HOW TO COMPLETE THIS TASK
Everything in the data except the pictures belongs in your answer, copied exactly.

MATERIAL SUPPLIED
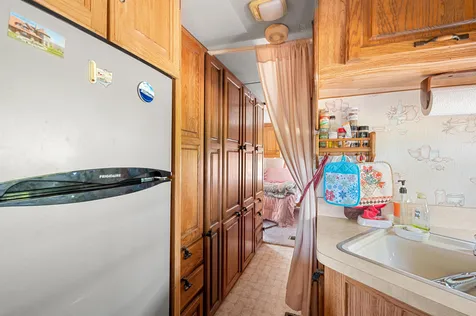 728 Scenic Road Laconia NH 03246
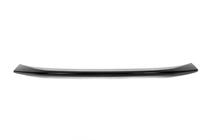 Toyota Corolla 2019- Spoiler 1234 Upgrade (ABS Plastic) photo 6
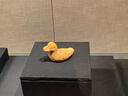 苏泊尔（SUPOR）小电饭煲2-3人3升蓝钻不粘内胆家用电煮锅智能预约煮饭煮粥多功能一锅多用小型电饭锅30FC0187 实拍图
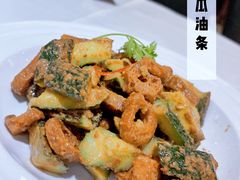 -金春禧(世茂国际广场店)
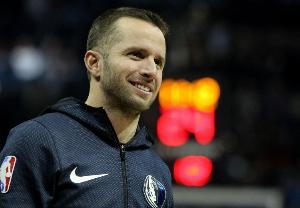 NBA老鹰vs篮网_NBA老鹰vs篮网在线观看_免费看直播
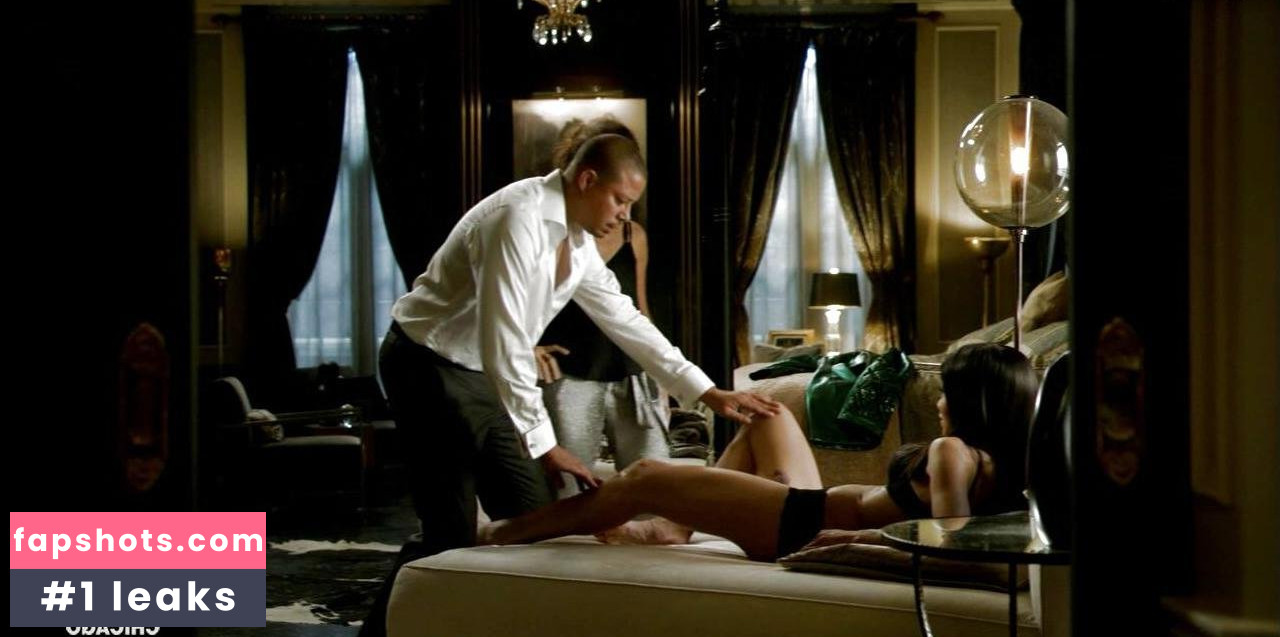 Tiesheko Nude Leaks OnlyFans Photos #4 - LeakJerk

RESPONSE TO THE TASK
 728 Scenic Road Laconia NH 03246
 Toyota Corolla 2019- Spoiler 1234 Upgrade (ABS Plastic) photo 6
 苏泊尔（SUPOR）小电饭煲2-3人3升蓝钻不粘内胆家用电煮锅智能预约煮饭煮粥多功能一锅多用小型电饭锅30FC0187 实拍图
 -金春禧(世茂国际广场店)
 NBA老鹰vs篮网_NBA老鹰vs篮网在线观看_免费看直播
 Tiesheko Nude Leaks OnlyFans Photos #4 - LeakJerk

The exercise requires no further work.